EXERCISE
I'd like an exact copy of every line from the start of the entries below through the line containing "A plate of biryani", please.

========================

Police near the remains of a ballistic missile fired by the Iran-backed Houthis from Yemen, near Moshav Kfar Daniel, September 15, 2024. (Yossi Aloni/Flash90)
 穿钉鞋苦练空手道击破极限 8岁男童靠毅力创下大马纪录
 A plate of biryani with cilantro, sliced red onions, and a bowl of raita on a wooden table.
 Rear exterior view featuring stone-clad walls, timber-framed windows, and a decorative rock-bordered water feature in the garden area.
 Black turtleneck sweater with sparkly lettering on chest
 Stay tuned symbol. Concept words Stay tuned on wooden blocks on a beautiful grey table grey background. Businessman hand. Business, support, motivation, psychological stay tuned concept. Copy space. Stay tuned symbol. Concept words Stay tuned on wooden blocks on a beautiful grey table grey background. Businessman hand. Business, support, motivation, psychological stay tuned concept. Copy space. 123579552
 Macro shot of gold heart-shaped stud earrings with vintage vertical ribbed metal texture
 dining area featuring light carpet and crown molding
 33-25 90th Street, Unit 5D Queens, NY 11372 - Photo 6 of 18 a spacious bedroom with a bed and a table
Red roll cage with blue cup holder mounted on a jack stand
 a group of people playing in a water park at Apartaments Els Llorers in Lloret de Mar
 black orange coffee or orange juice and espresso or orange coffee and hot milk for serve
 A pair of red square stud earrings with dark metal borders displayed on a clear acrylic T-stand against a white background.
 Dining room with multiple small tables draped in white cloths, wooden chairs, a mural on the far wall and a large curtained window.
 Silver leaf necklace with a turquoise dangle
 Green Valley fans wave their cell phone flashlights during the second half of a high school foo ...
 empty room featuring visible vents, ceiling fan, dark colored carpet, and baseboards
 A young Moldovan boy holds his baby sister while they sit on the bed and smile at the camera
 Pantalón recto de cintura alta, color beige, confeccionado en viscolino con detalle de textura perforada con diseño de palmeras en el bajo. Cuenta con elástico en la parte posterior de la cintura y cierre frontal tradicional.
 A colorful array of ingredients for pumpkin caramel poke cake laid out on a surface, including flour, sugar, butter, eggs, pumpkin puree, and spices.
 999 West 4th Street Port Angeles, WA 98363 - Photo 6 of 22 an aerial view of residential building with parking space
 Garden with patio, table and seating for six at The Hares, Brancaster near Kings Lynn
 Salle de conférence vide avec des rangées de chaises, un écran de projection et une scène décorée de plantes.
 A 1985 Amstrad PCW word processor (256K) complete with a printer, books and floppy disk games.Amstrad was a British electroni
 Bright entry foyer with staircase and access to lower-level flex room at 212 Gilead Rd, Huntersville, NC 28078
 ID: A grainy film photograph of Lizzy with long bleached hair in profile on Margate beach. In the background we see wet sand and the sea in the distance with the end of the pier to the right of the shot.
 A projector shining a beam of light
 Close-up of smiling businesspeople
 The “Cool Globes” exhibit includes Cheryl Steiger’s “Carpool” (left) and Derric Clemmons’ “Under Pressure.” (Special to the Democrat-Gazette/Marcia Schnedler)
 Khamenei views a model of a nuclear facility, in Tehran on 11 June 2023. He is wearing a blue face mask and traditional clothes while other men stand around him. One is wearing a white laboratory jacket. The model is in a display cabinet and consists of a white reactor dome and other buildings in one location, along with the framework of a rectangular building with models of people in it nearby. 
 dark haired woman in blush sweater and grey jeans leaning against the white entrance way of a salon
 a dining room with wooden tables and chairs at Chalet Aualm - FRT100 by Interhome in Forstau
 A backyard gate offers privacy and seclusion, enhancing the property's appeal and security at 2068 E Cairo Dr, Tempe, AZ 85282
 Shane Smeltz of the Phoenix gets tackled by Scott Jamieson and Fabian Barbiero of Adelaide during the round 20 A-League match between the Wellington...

========================

RESPONSE AREA
Police near the remains of a ballistic missile fired by the Iran-backed Houthis from Yemen, near Moshav Kfar Daniel, September 15, 2024. (Yossi Aloni/Flash90)
 穿钉鞋苦练空手道击破极限 8岁男童靠毅力创下大马纪录
 A plate of biryani with cilantro, sliced red onions, and a bowl of raita on a wooden table.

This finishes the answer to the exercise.